Catholic District School Board gave the nod at plan aimed at improving student performanc

Trustees with the Northwest Catholic District School Board gave the nod here Saturday to a plan aimed at improving student performance–but not without a few reservations.
The plan, devised by curriculum co-ordinator Ron Fryer after consulting with teachers and principals, looks to improve student performance in the areas of math, reading, and writing tested by the Education Quality and Accounta-bility Office each year.
The specific goal is to see 50 percent of students currently achieving at Level Two to be performing at Level Three in two years, noted Fryer.

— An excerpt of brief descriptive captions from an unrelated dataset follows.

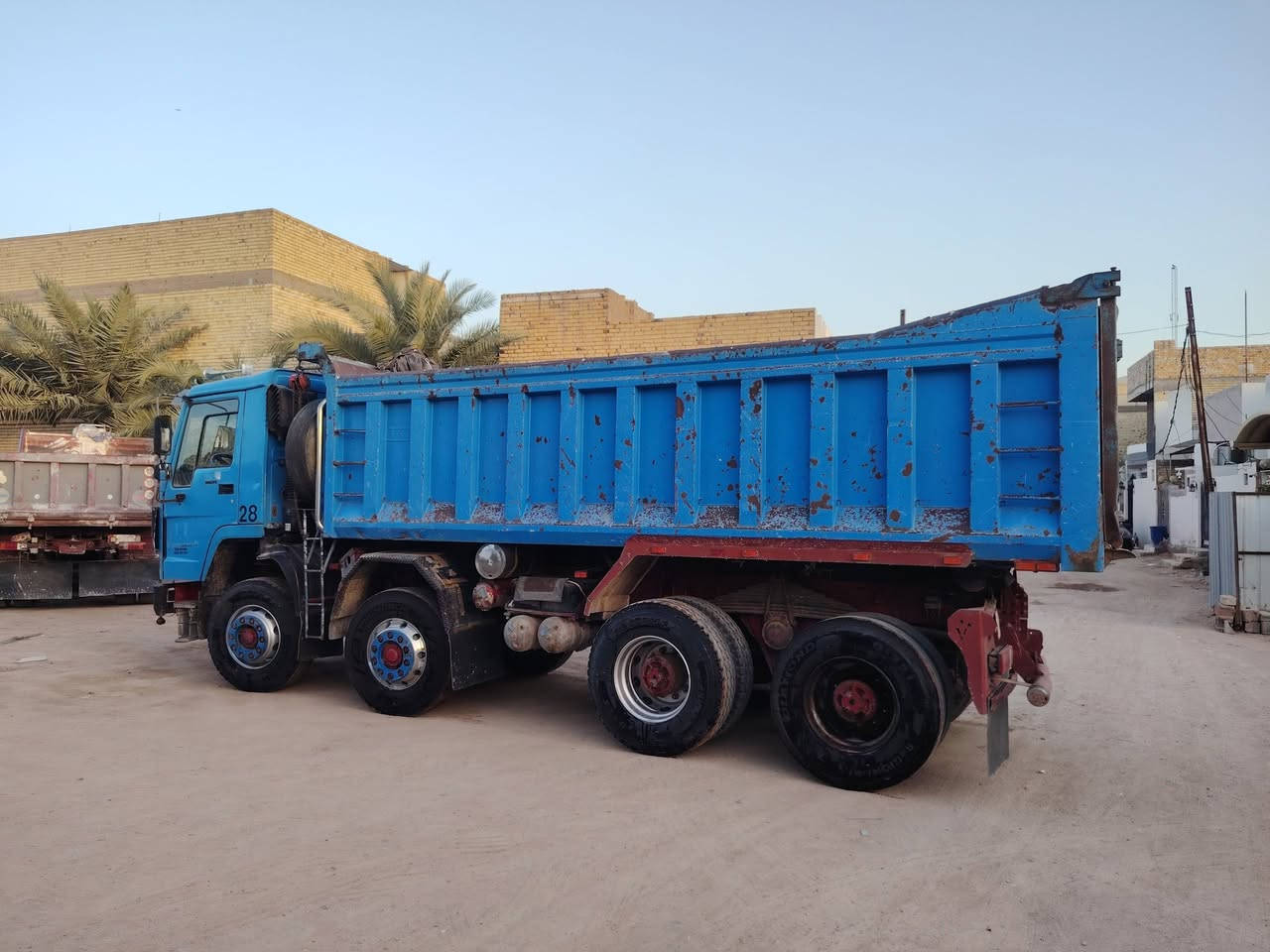 سلام عليكم فالفو للبيع مديل ٩٩كير3x3سياره جاهزه الشغل جديده استفسار اتصل وتدلل ***********
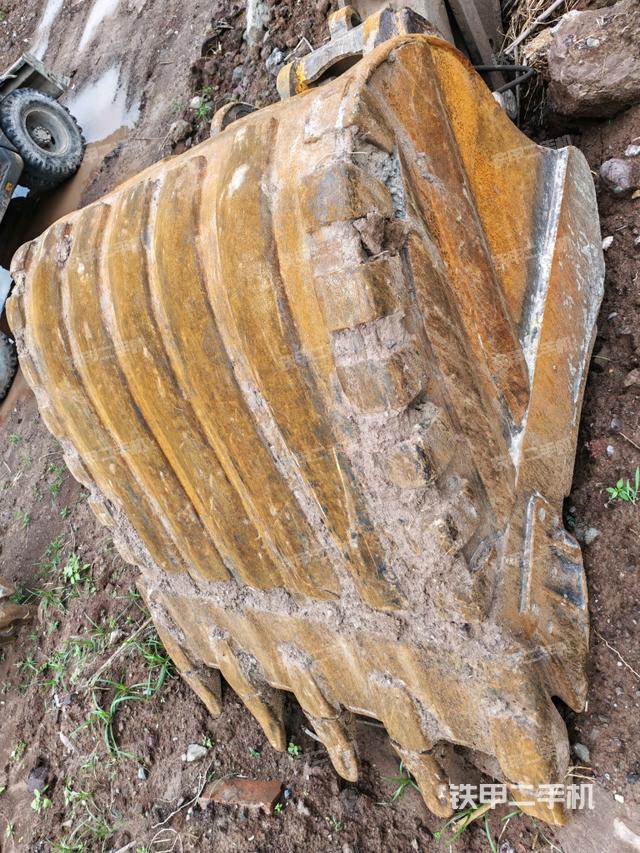 小臂整體右前（工作和回轉(zhuǎn)裝置）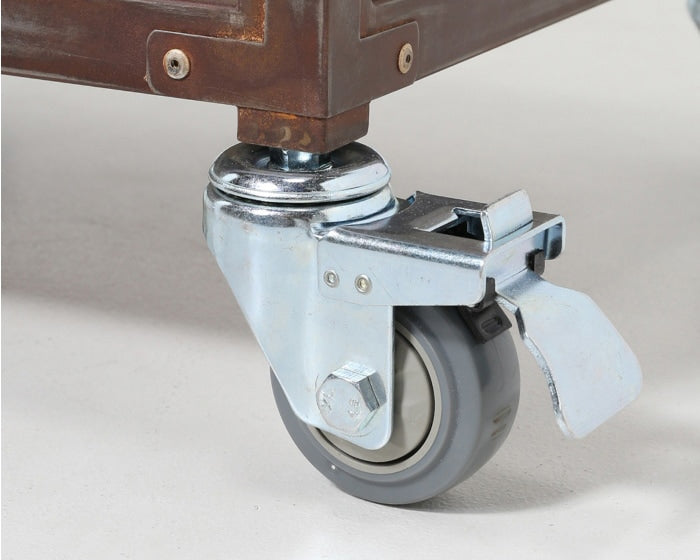 LOUIS SIDE TABLE (RUST) Louis side table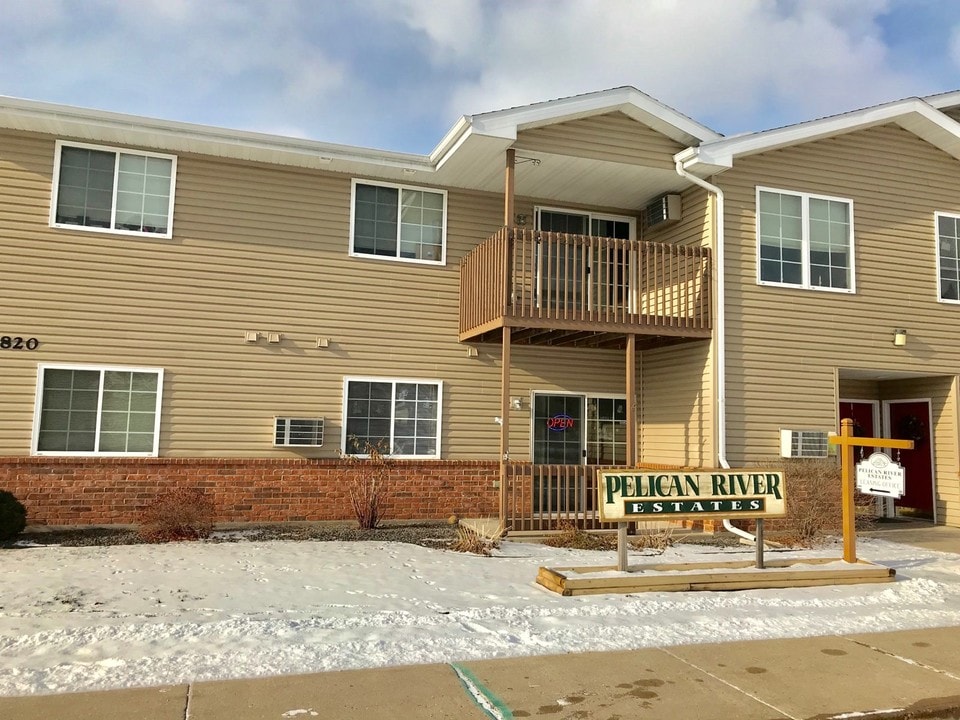 PELICAN RIVER ESTATES Photo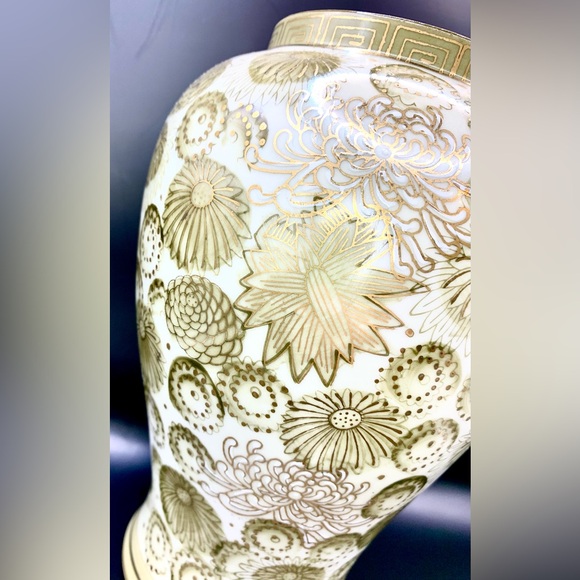 Andrea by Sadek Porcelain Ceramic Floral Hand-painted Vase from Japan - Vintage - Picture 3 of 6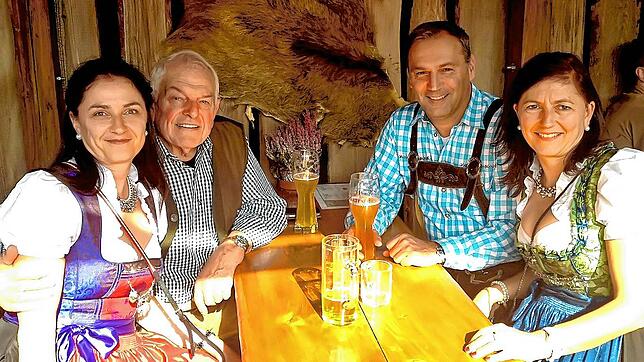 Auch hier fühlt sich Adolf Huchler (Zweiter von links) richtig wohl, mit den Töchtern Ute (links) und Anke (ganz rechts) sowie ...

But while trustees acknowledged the amount of work that had gone into the lengthy document, a few questions were raised–questions that will see the plan come back to the board at its April meeting.
“How do you ensure strategies are being applied equally in all the schools. There has to be a reporting mechanism that shows that,” said trustee Wade Petranik, adding the board should discuss when progress reports will be returned during the plan implementation.
“If you can’t show you’re carrying through with a strategy, there’s no accountability,” he noted.
“My difficulty is with the lack of benchmarks. Without those, I think it will be difficult to manage,” said trustee Cynthia Cossais.
The plan will go on to the EQAO, as is mandated, but the board made a second motion to discuss a process for evaluation at its April 24 meeting here.
Education Director Carol Lynne Oldale stressed the importance of getting the plan out to teachers and principals as soon as possible, and not let the process of evaluation be an early stumbling block.
“We need to find out how the strategies are working from the schools. Then we can use that to decide what works and what doesn’t,” she noted.
The improvement plan includes a myriad of ideas, from math Olympics to more parental involvement to spelling software.
Possible methods of implementation include progress assessment surveys that go out to teachers and parents, older student “reading buddies,” and more variation in types of reading and writing.
The report will be available soon at the board office here.
Individual school results, board results, and provincial results were received from the EQAO back in October. Each principal reviewed his/her school’s results, compared them with the provincial results, and then followed a consultative process to develop a school report.
School reports from St. Michael’s, St. Francis, Our Lady of the Way, and Sacred Heart School were released to the public Dec. 1.
This was the fourth year for province-wide grade three testing, and the second students in grade six.
Also Saturday, the board:
•heard a school profile by St. Michael’s principal David Sharp, which highlighted the community’s frequent use of its gymnasium, its hot lunch program, Voyageur Days, and its recent Japanese intern, Yoko Niwa;
•received a report of cash disbursements for February equalling $826,178.48; and
•approved the March personnel report, which noted the self-funded leave of teacher Carolyn Callan and a leave of absence for teacher Marilyn Tinkess.